If you made a complaint and your landlord didn't fix the problem, you can take legal action in Housing Court. Document all contact with your landlord and HPD about the conditions in your apartment so you can use it in court.

To learn more about Housing Court, go to the Housing Court for Tenants and Landlords page.

The Housing Maintenance Code does not require buildings to have air conditioning. The City does not issue violations for this condition.

Tenants in rent-controlled or rent-stablized apartments can get information and assistance with a landlord provided air conditioner that no longer works. To learn more, go to the Rent Regulated Apartments page.

Rental and cooperative building owners are required by law to provide and properly install at least one approved carbon monoxide alarm within 15 feet of the primary entrance to each sleeping room. This applies to all one- and two-family homes and residential buildings with three or more units.

Carbon monoxide detectors are required to be replaced as their useful life expires. After this replacement, landlords are required to replace carbon monoxide detectors as their useful life expires according to the manufacturer's instructions, based on the original date of installation. The replacement device must be a model that has an end-of-life alarm.

While owners are required to install carbon monoxide detectors, tenants are responsible for maintaining them and changing the batteries. Tenants must pay the owner $25 when the owner installs a new carbon monoxide detector, replaces a carbon monoxide detector that has reached the end of its useful life, or replaces one that the tenant lost or damaged. Tenants have up to one year to make the payment.

Local Law 62 (1981) requires rental and cooperative building owners to install one or more smoke detectors in each unit. It is the tenant's responsibility to maintain them. The City investigates housing complaints and gives tickets to owners who break the law.

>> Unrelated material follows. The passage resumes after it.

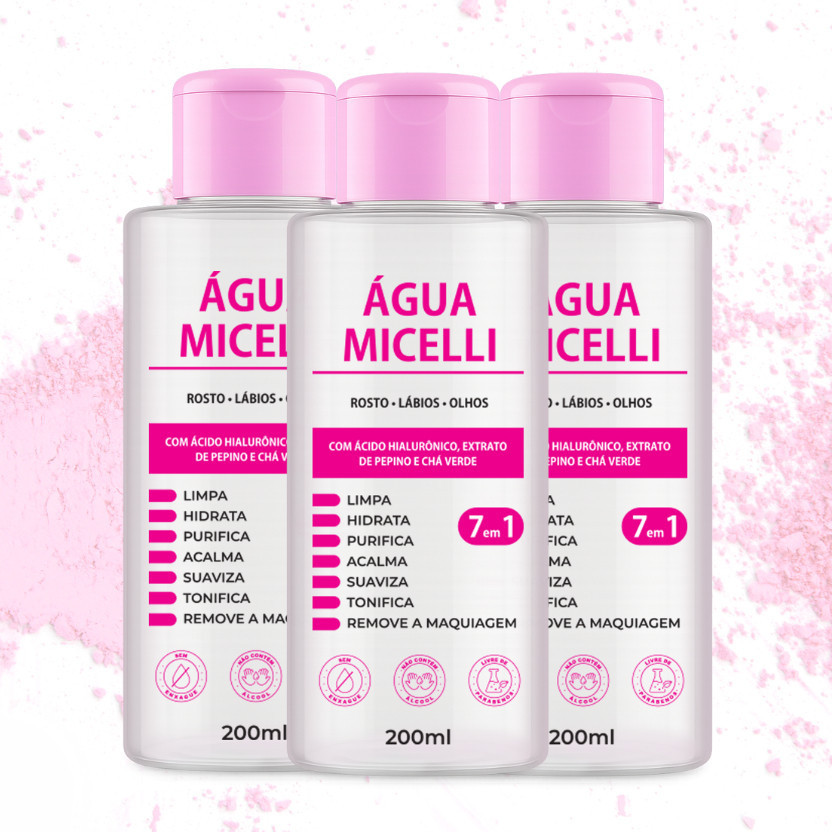 Kit 3x Água micelar com ácido hialurônico 200ml removedor e hidrata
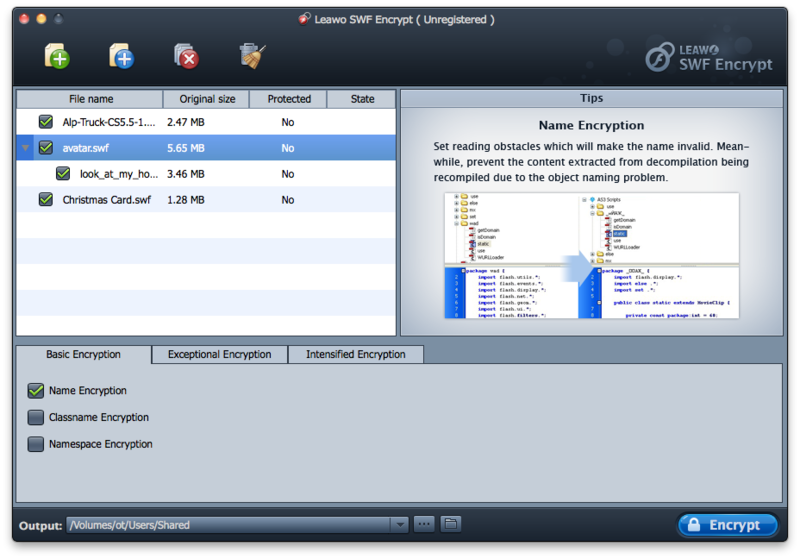 Leawo SWF Encrypt for Mac Screenshot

Smoke detectors should be placed between sleeping areas and the rest of the unit. If there is more than 15 feet between sleeping areas, a smoke detector should be provided for each sleeping area. If there are multiple levels in the unit, smoke detectors should be provided for each level. If mounted on the ceiling, the edge of the smoke detector should be no more than 4 inches from the wall. If mounted on the wall, the edge of the smoke detector should be between 4 and 12 inches from the ceiling.